When a child first catches adults out- when it first walks into his grave little head that adults do not have divine intelligence, that their judgements are not always wise, their thinking true, their sentences just- his world falls into a panic desolation.  The gods are fallen and all safety gone.  And there is one sure thing about the fall of gods: they do not fall a little; they crash and shatter or sink deeply into green muck.  It is a tedious job to build them up again; they never quite shine.  And the child’s world is never quite whole again.  It is an aching kind of growing.

This whole paragraph is what I call literary nonsense.  It’s well-written and sounds profound, and maybe it’s true in some situations, but it’s not universal (and its written in a way to make it sound universal).  For example, my worldview wasn’t shattered when I realized my dad was full of crap.  I was relieved.  As a kid, I was kind of intimidated by my dad, so I felt somewhat vindicated when I realized he was just as flawed, maybe even more flawed, maybe even way more flawed, than was (or am).

Yeah, Steinbeck’s observation was literary nonsense, but stuff like that doesn’t make me stop reading the book.  I’m not going to proclaim:

“When a reader first catches a famous literary author out- when it first walks into his/her grave little head that literary authors do not have divine intelligence, that their judgements are not always wise, their thinking true, their sentences just- his/her world falls into a panic desolation.”
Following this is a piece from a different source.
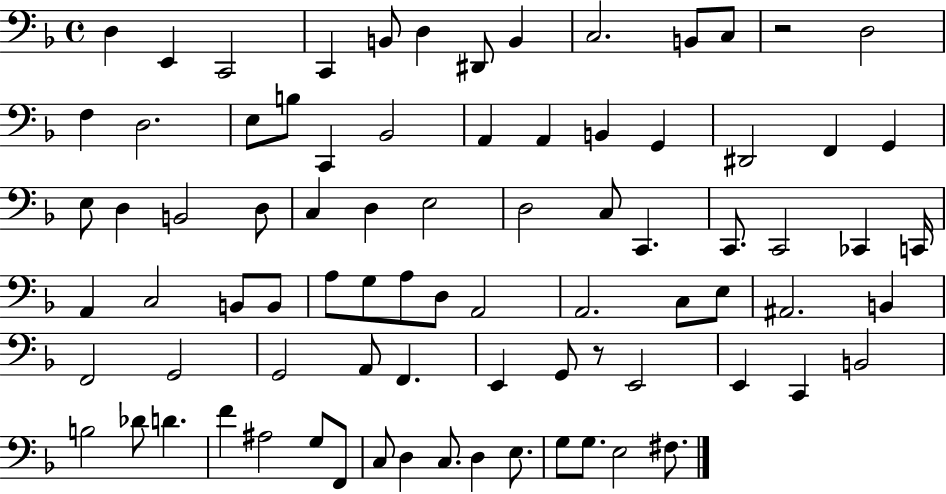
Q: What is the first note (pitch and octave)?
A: D3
That’s a little strong.  My world is not a panic desolation just because John Steinbeck makes an occasional nonsense observation.  It’s just, “John Steinbeck is full of crap like everybody else.”

But I’ll still finish reading East of Eden.  It’s like a soap opera for smart people.


What do you think?  Have you read East of Eden?  Do you like long descriptions?  Is your world a panic desolation?  I really hope your world is not a panic desolation.

  1. good critique. I loved the movie and also like books with a balance between description and dialogue. Since the movie was so good, I’m afraid I’d be disappointed with the book.

  2. Having to read The Red Pony in sixth grade kind of put me off Steinbeck life. I was too young for it. But I did read Grapes of Wrath for the first time not too long ago. It was phenomenal.